🤖 AI Summary
Prior work on micro-gesture emotion recognition remains limited, particularly in modeling fine-grained affective dynamics from skeletal sequences.
Method: This paper proposes a hypergraph-enhanced Transformer framework—the first to introduce hypergraph modeling for skeleton-based micro-emotion analysis. It features a hypergraph self-attention module with progressively updated hyperedges to explicitly capture high-order, time-varying joint interactions; integrates multi-scale temporal convolutions and a self-supervised reconstruction decoder to precisely encode subtle motion patterns of micro-gestures; and enables end-to-end joint optimization of the emotion classification head and reconstruction task within the encoder.

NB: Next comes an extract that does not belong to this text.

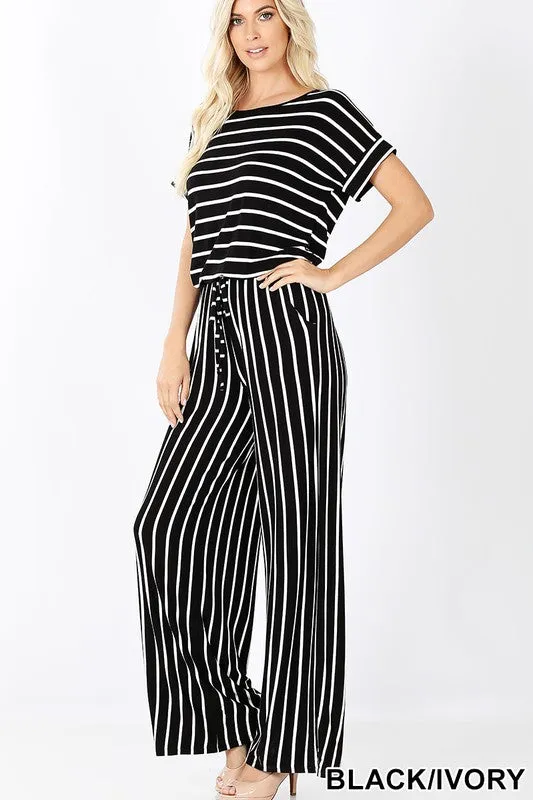 Striped Jumpsuit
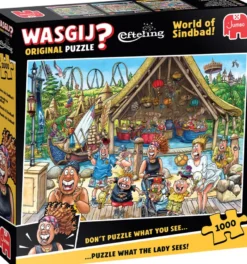 Wasgij Original Efteling - De Wereld van Sindbad! Puzzel (1000 stukjes)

Results: Evaluated on iMiGUE and SMG benchmarks, our method achieves state-of-the-art performance, significantly outperforming existing approaches in accuracy, macro-F1, and other key metrics—demonstrating the efficacy of hypergraph structures for modeling micro-expression-level emotional states.
📝 Abstract
Micro-gestures are unconsciously performed body gestures that can convey the emotion states of humans and start to attract more research attention in the fields of human behavior understanding and affective computing as an emerging topic. However, the modeling of human emotion based on micro-gestures has not been explored sufficiently. In this work, we propose to recognize the emotion states based on the micro-gestures by reconstructing the behavior patterns with a hypergraph-enhanced Transformer in a hybrid-supervised framework. In the framework, hypergraph Transformer based encoder and decoder are separately designed by stacking the hypergraph-enhanced self-attention and multiscale temporal convolution modules. Especially, to better capture the subtle motion of micro-gestures, we construct a decoder with additional upsampling operations for a reconstruction task in a self-supervised learning manner. We further propose a hypergraph-enhanced self-attention module where the hyperedges between skeleton joints are gradually updated to present the relationships of body joints for modeling the subtle local motion. Lastly, for exploiting the relationship between the emotion states and local motion of micro-gestures, an emotion recognition head from the output of encoder is designed with a shallow architecture and learned in a supervised way. The end-to-end framework is jointly trained in a one-stage way by comprehensively utilizing self-reconstruction and supervision information. The proposed method is evaluated on two publicly available datasets, namely iMiGUE and SMG, and achieves the best performance under multiple metrics, which is superior to the existing methods.